SPOTLIGHT di MARCO BRUNACCI | Convegno a palazzo Donini sul delicatissimo tema col ministro Fitto, che sarà da ascoltare attentamente. Ma un orecchio attento anche per la relazione dell’assessore regionale Paola Agabiti Urbani perché da qui passa una parte non indifferente del Pil umbro. Si è innovato abbastanza?

di Marco Brunacci

PERUGIA – “Opportunità europee di rilancio per l’Umbria”, è il titolo del convegno di lunedì 30 col ministro agli affari europei Fitto, nel Salone d’onore di palazzo Donini. Il tema è delicatissimo: il Pil dell’Umbria dipende non per poco dai Fondi europei.

Per questo bisogna voltare pagina rispetto alla precedente giunta regionale che sui Fondi Fesr e Fse ha collezionato brutte figure e un risultato in classifica (certificato dall’Agenzia per la coesione territoriale) negativo: l’Umbria risulta rispettivamente 17esima e 19esima per capacità di spesa. Questo significa che solo poco più della metà dei fondi a disposizione sono stati spesi nel periodo preso in considerazione, che è il 2014-2020 (solo l’ultimo anno riguarda la giunta attuale ma col problema non irrilevante che era appena esploso il Covid).
Dal convegno si attende di sapere da Fitto quali sono le possibilità europee per l’Umbria, ma anche dall’assessore regionale Paola Agabiti Urbani ci si attendono dati: quali sono stati gli ultimi risultati, quelli riferiti al 2022 e al 2023? È vero: si immaginano migliori degli anni precedenti e alcuni indicatori. Ma bisogna vedere migliori di quanto.

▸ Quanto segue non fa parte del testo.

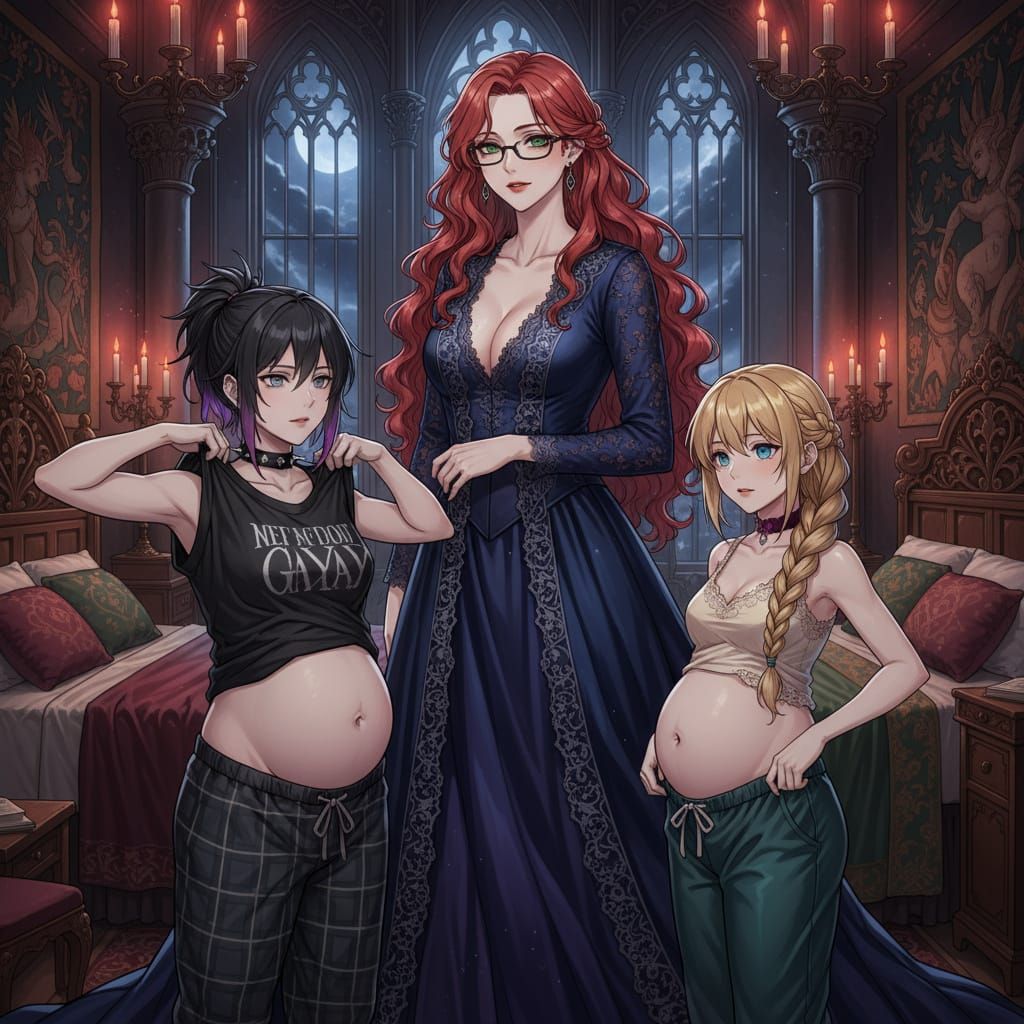 Elegant Gothic Anime Scene with Pregnant Wives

Il problema è che dei Fondi europei l’Umbria non può fare a meno se vuol crescere e rimanere attaccata al Nord, adesso che è riuscita a ritirarsi su in quanto a Pil e occupazione. I tempi sono stretti e si tratta di mettere poco meno di 300 milioni nel motore economico della regione, in attesa dell’arrivo degli altri stanziamenti europei.
La Giunta Tesei, fin dall’inizio, quando l’Europa nel centrodestra e nella Lega in particolare non andava di moda, aveva invece dato segnali chiari di europeismo convinto.

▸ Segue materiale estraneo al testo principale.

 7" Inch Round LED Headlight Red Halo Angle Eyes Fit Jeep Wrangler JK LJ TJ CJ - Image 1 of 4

Ora si tratta di capire se, oltre a cambiare verso rispetto alla insufficiente spesa della precedente giunta regionale, si stia tenendo una “velocità di crociera” sufficiente per recuperare il tempo perduto e portarsi in testa al gruppo.
Molti però, a questo proposito, hanno criticato il fatto che non si è cambiato abbastanza nella struttura burocratica che gestisce questo decisivo segmento dell’amministrazione regionale.
L’innovazione qui deve essere sostanziale se si vogliono ottenere risultati diversi da quelli del deficitario periodo 2014-2020.